**Task statement:** Copy out exactly, from the entries that follow, the line holding "에어 픽처스(AIR PICTURES)", the line holding "Asegura Gobierno de", and all lines between them, but no pictures.

**Listed records:**
************

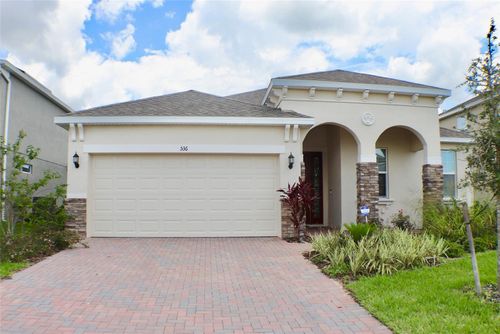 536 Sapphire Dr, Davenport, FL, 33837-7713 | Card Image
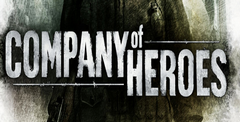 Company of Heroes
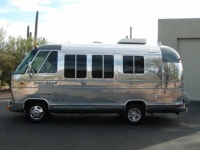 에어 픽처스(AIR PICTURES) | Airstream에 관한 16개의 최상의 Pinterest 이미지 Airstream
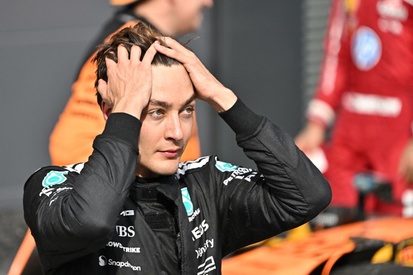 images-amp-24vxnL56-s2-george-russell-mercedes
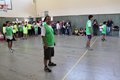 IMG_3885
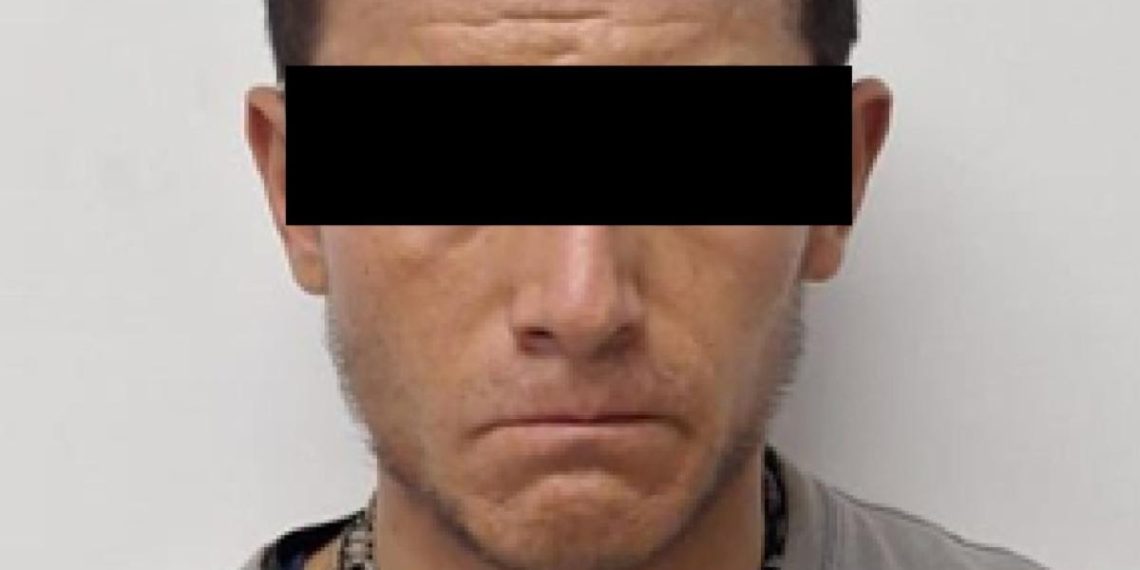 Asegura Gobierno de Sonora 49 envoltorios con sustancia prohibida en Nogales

************

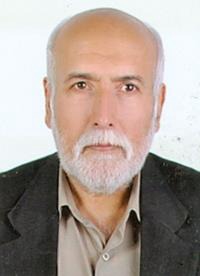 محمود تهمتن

************

**Answer for the task:**
 에어 픽처스(AIR PICTURES) | Airstream에 관한 16개의 최상의 Pinterest 이미지 Airstream
 images-amp-24vxnL56-s2-george-russell-mercedes
 IMG_3885
 Asegura Gobierno de Sonora 49 envoltorios con sustancia prohibida en Nogales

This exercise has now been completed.